Insight: Space and tools that help you define, visualize, and share critical ideas ensure that all team members are on the same page and working towards common goals. Critical ideas for innovation include the mission, period, joint objectives, commitments, resources, and risks. It’s important to remember that when they’re being formed, teams often lack understanding of a shared goal and don’t yet share a common “language” for what must be done. Tying innovation to strategy requires both. This is as simple as putting up on a whiteboard the shared mission, timeframe, and shared objectives, and then identifying who will do what, which resources will be used, what risks and obstacles can be anticipated and addressed, and a schedule to complete all of the above. It may seem simple, but it’s essential for holding more productive meetings and structuring conversations to identify perception gaps early on, preventing misalignment.
9. Implement a Structured Experiment Processes
Question: How do you run an innovation process?

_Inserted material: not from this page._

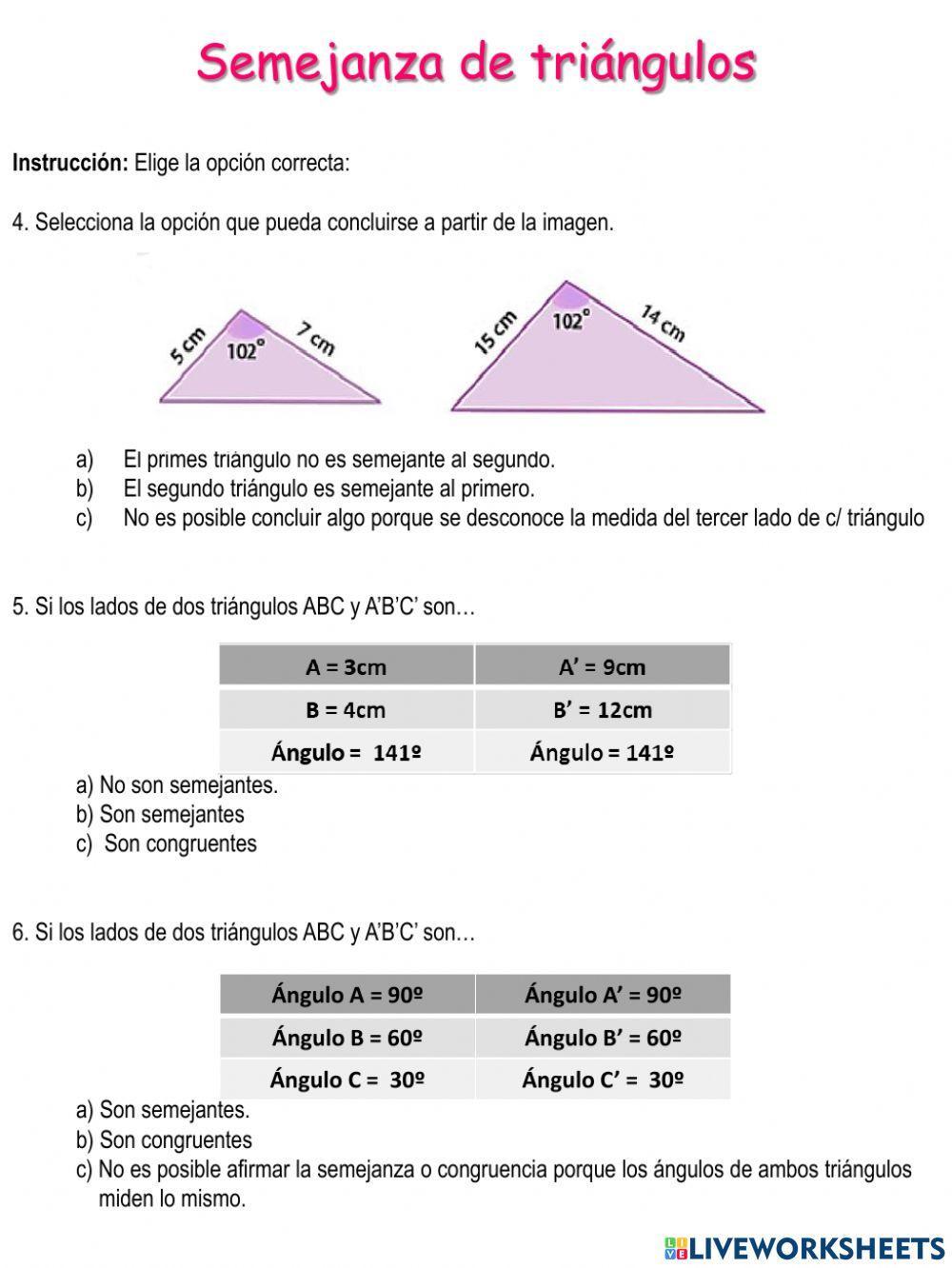 Triángulos semejantes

Insight: Create a repeatable and structured innovation process that values efficiency and learning through focused experimentation. Limiting the number of concurrent experiments helps maintain focus and productivity. Lessons learned and next steps should be discussed at regular meetings, each with their own purpose: Planning, standup, learning, retrospectives, and stakeholder reviews. For instance, our experience suggests a 15-minute daily standup and a 60-minute weekly learning session can significantly improve team coordination and progress. Teams also need to be able to visualize their progress on quickly moving experimentation and development. This can be as sophisticated as product charters and collaboration software, or as simple as a dedicated corner and notecards on a corkboard. Either way, a simple way to visualize your experiments, limit experiments in progress, and record continuous experimentation is critical to staying on target. Think of a software team’s Kanban Board as a basic framework: A list of projects (no more than three or four – or fewer if your team is small and time is limited) and, for each, a column showing the backlog of experiments, a column for experiments in setup, another for experiments under way, and a final column showing lessons learned.
10. Continuous Experimentation
Question: How do we maintain flow of experiments and development?

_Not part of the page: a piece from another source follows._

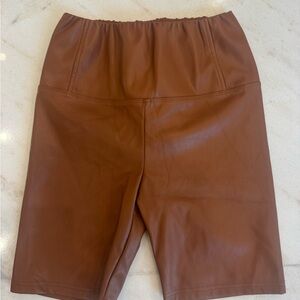 NWT Crescent Vegan Leather Biker Shorts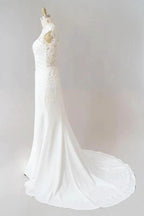 Long Sheath  Illusion Lace Wedding Dress with Cap Sleeve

Insight: Combining quick, cheap experiments with longer, more in-depth ones as understanding increases helps balance short-term and long-term goals, keeping ultimate business objectives in sight. Visualizing experiments in a common location or dashboard while limiting the number of concurrent experiments maintains focus and productivity, reducing uncertainty over time and fostering continuous learning and adaptation. Our experience recommends visualizing work on an experiment board and using principles like limiting work in progress and continuous experimentation to achieve flow, as discussed above.